When Juan Valdez first arrived in the U.S. from Mexico City, he rented a room in a house near the Continuing Education Center (CEC) of Santa Ana College. One of his roommates told him, “You are an intelligent young man. You should apply for ESL classes at the college nearby.” The roommate advised Juan that enrolling at the college would be a good way for him to meet people, and encouraged him to arrive early for enrollment.

The next morning, Juan was at the front door of the CEC at 5 a.m., three hours before the doors opened. Though the line behind him swelled to nearly 100 students, Juan was the first student to be enrolled for the fall semester of 1997. “Ever since I started as a student at the CEC, I have been on an incredible educational journey,” he jubilantly explains.

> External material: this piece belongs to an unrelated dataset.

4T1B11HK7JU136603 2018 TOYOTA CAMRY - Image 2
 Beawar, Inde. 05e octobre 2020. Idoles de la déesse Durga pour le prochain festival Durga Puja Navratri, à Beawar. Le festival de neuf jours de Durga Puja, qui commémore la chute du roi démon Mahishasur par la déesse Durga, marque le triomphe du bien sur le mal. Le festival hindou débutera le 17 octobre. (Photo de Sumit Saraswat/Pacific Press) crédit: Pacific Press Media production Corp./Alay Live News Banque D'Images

Juan held down two jobs while he was in the CEC program. He washed dishes at an Italian restaurant and delivered newspapers in the early morning hours, generally from 1:00 a.m. to 6:00 a.m. “I just had enough time to get from one job to the other, then have breakfast and a little rest before my 8:00 a.m. class at Centennial,” he observes.

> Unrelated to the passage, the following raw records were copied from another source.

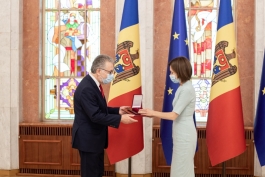 Președintele Maia Sandu i-a conferit Ordinul de Onoare Ambasadorului Republicii Franceze, Pascal Le Deunff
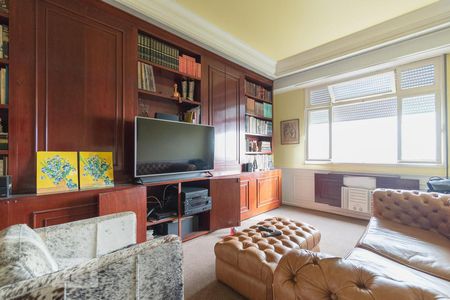 Apartamento à venda com 230m², 3 quartos e sem vaga Apartamento à venda com 230m², 3 quartos e sem vagaQuarto Extra Reversível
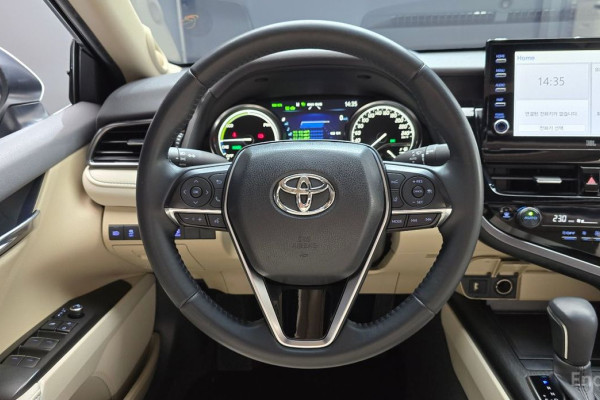 2023 Toyota Camry с пробегом 46 718 км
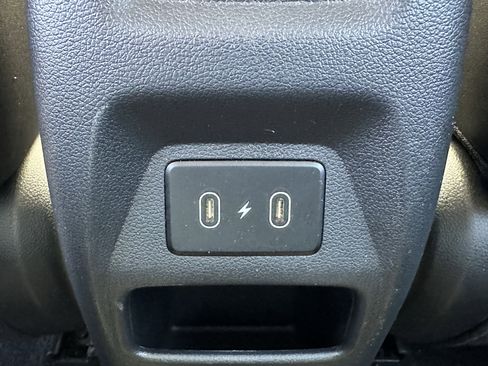 Used 2024 Hyundai Venue Limited FWD image 20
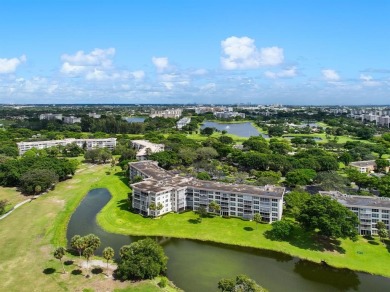 This fully renovated 3/2, 1st flr home offers the perfect blend on Palm-Aire Country Club and Resort - Palms in Florida - for sale on GolfHomes.com, golf home, golf lot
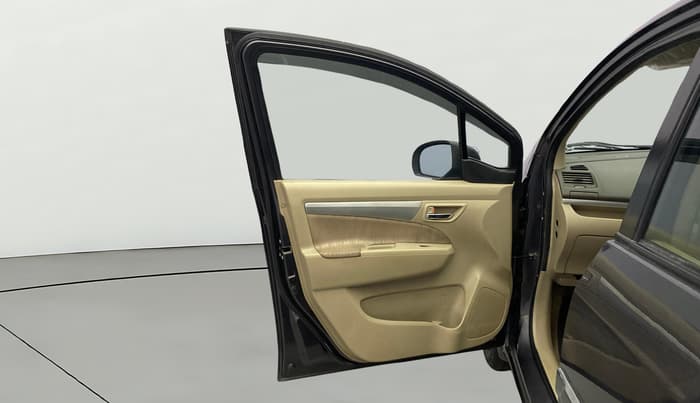 2014 Maruti Ertiga VXI, Petrol, Manual, 90,383 km, LHS Front Door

The CEC high school program does not rely on lectures, but is driven by a student’s capacity, desire and potential. According to Juan, a student could complete five credits in one week or, conversely, one month. “I tell students who complain to me that they are the ultimate interpreter of the learning experience,” says Juan.

“I liked how my ESL program used small cartoons and real life scenarios,” he continues. “I enjoyed reading, speaking and writing English. We learned by describing emergencies, illnesses, needs and important holidays. I was excited every time I had to go shopping or eating, because I knew I could practice the lessons in my books.”

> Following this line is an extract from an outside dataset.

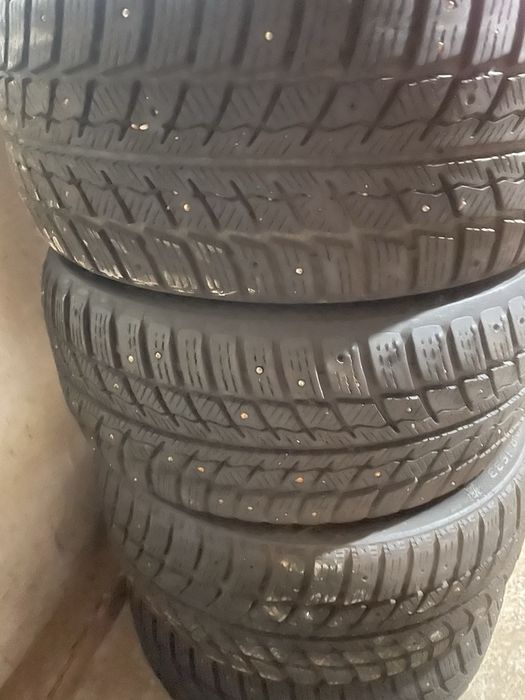 Шины с шипами продаются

In addition to his English as a Second Language studies, Juan took all of the computer courses that were available: Basic Macintosh, Introduction to the Internet, Photoshop and Adobe Illustrator. Within two years, he had learned English, become computer literate, passed the high school proficiency exam and transferred to Santa Ana College. He majored in business, but in his last semester took a class in anthropology that changed his life forever.

“I liked working with fossils,” he explains, “and with measurements inside the body. I studied the skulls of Neanderthals, and the progression through apes, gibbons and other primates. To me the textbooks were exciting, and I spent my spare time in the labs. Working as a volunteer with gibbons in Santa Clarita, I fed them, gave them medicine, interacted with them. I did not want to leave.”

Juan matriculated to Cal State Fullerton, where he majored in anthropology. He has now been accepted for the Master’s program at CSUF in the Anthropology Department, in which he hopes to complete this coursework within a year. He is now looking into Ph.D. programs in anthropology.

“Evolutionary anthropology may be my focus,” Juan says. “I want to look at trends in diseases, such as the trend of Latinos to develop diabetes, and see what we can do to counter these trends. The CEC program at Santa Ana College opened doors to a whole new world for me, and I will be forever grateful.”